## WORK REQUIRED
An exact reproduction of the listing, minus the pictures, is the required output.

## AVAILABLE DATA
☆ ☆ ☆
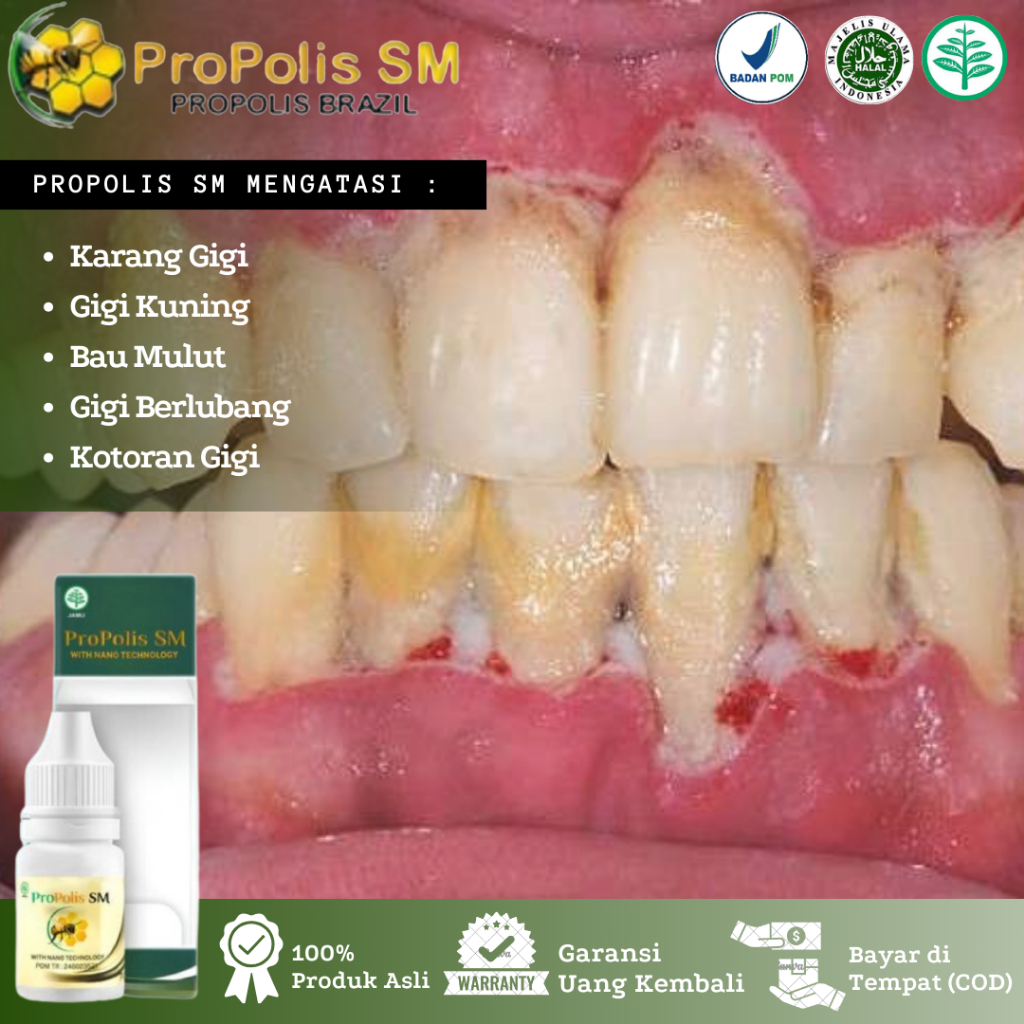 Obat Tetes Karang Gigi, Plak Gigi, Gigi Kuning, Bau Mulut Akibat Karang Gigi, Gigi Berkerak, Gigi Hi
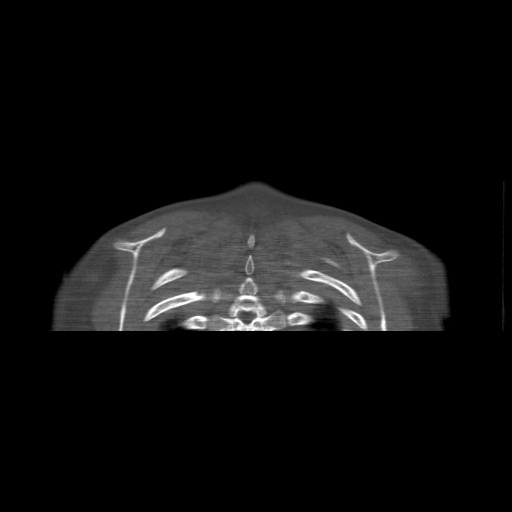 Bilateral chronic posterior shoulder dislocation (Radiopaedia 39213-41452 Coronal bone window 57).jpg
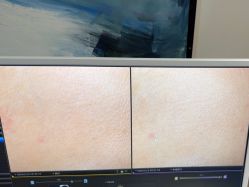-苑苑vbeauty科技美容SPA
☆ ☆ ☆
## SOLUTION TO THE PROBLEM
 Obat Tetes Karang Gigi, Plak Gigi, Gigi Kuning, Bau Mulut Akibat Karang Gigi, Gigi Berkerak, Gigi Hi
 Bilateral chronic posterior shoulder dislocation (Radiopaedia 39213-41452 Coronal bone window 57).jpg
-苑苑vbeauty科技美容SPA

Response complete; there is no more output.